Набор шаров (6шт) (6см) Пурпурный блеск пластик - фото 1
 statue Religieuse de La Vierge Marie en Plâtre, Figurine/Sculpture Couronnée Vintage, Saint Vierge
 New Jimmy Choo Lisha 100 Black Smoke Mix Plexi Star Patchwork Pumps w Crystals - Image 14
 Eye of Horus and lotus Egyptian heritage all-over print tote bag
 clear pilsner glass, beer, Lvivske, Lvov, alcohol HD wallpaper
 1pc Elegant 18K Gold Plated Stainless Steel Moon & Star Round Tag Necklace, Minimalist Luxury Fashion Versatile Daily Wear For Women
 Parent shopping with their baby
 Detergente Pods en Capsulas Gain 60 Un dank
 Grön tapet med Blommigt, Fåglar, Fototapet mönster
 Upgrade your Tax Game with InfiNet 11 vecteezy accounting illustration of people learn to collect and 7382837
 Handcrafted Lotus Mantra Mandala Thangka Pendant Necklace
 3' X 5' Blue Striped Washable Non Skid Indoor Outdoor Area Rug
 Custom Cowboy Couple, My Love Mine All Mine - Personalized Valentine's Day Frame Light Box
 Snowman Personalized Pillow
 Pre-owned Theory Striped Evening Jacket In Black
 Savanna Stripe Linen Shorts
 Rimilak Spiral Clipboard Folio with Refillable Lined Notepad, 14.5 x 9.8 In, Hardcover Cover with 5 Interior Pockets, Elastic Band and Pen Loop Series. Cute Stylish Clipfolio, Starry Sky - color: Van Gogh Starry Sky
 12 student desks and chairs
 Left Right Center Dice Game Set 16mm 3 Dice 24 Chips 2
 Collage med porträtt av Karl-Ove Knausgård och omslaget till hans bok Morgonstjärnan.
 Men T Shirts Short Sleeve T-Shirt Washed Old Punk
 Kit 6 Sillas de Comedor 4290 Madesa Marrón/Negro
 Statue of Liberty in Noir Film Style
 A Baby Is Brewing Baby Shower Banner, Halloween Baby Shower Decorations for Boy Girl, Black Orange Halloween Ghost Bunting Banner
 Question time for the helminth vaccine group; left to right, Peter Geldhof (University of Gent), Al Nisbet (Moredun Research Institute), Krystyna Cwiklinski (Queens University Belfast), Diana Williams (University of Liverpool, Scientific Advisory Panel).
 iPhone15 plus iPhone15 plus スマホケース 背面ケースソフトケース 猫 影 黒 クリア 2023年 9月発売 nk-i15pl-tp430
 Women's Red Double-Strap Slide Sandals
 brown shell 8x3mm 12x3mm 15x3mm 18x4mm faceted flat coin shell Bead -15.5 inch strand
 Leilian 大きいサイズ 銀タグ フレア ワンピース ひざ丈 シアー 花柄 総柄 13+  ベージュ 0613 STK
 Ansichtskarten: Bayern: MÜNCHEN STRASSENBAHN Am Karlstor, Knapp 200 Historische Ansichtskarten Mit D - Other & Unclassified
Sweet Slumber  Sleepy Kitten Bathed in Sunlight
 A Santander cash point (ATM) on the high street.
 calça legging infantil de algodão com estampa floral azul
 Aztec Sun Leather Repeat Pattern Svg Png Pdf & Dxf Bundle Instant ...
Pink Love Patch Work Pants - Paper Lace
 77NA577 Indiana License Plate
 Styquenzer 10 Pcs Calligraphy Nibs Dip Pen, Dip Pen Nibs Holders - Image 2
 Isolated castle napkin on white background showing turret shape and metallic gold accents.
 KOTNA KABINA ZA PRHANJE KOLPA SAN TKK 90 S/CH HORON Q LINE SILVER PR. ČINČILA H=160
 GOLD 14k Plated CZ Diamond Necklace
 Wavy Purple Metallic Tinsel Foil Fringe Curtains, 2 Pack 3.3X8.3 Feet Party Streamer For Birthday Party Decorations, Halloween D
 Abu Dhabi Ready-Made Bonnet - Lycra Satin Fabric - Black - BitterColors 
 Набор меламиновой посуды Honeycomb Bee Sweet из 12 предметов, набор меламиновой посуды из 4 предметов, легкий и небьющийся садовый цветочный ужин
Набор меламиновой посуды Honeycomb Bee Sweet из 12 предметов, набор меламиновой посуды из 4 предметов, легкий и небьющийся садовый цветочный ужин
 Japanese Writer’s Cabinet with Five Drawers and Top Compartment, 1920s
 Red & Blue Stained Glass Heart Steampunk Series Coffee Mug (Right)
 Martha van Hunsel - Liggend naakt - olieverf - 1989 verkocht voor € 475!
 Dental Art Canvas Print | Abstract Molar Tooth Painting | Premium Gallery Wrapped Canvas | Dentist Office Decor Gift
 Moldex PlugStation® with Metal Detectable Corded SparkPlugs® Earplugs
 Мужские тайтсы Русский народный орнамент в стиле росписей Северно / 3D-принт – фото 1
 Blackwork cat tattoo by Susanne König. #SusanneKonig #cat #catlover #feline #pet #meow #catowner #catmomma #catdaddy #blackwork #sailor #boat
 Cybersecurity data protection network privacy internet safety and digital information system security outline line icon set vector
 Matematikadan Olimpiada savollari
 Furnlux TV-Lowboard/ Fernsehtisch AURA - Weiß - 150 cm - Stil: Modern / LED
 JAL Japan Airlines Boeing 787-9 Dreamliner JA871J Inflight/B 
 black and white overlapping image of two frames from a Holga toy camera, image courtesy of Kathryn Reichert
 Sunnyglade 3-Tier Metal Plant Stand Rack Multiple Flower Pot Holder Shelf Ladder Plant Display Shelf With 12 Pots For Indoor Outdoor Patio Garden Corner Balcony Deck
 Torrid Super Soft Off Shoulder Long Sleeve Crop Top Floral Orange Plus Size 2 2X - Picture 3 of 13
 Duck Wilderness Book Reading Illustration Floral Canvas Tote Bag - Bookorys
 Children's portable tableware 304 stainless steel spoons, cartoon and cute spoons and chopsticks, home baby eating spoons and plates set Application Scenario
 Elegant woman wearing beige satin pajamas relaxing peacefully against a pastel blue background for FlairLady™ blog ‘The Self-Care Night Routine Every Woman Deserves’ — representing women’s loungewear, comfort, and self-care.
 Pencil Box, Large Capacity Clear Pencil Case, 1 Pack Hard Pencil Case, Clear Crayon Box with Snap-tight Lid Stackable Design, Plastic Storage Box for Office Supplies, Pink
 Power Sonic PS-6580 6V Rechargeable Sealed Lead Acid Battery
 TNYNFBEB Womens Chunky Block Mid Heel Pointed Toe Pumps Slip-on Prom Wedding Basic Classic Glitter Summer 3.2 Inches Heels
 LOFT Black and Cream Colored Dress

☆ ☆ ☆ ☆

• [EXERCISE DESCRIPTION]:
All lines above from the one containing "A Baby Is Brewing" to the one containing "Women's Red Double-Strap Slide Sandals" must be repeated exactly, both lines included, and no others.

• [RESULT OF THE EXERCISE]:
 A Baby Is Brewing Baby Shower Banner, Halloween Baby Shower Decorations for Boy Girl, Black Orange Halloween Ghost Bunting Banner
 Question time for the helminth vaccine group; left to right, Peter Geldhof (University of Gent), Al Nisbet (Moredun Research Institute), Krystyna Cwiklinski (Queens University Belfast), Diana Williams (University of Liverpool, Scientific Advisory Panel).
 iPhone15 plus iPhone15 plus スマホケース 背面ケースソフトケース 猫 影 黒 クリア 2023年 9月発売 nk-i15pl-tp430
 Women's Red Double-Strap Slide Sandals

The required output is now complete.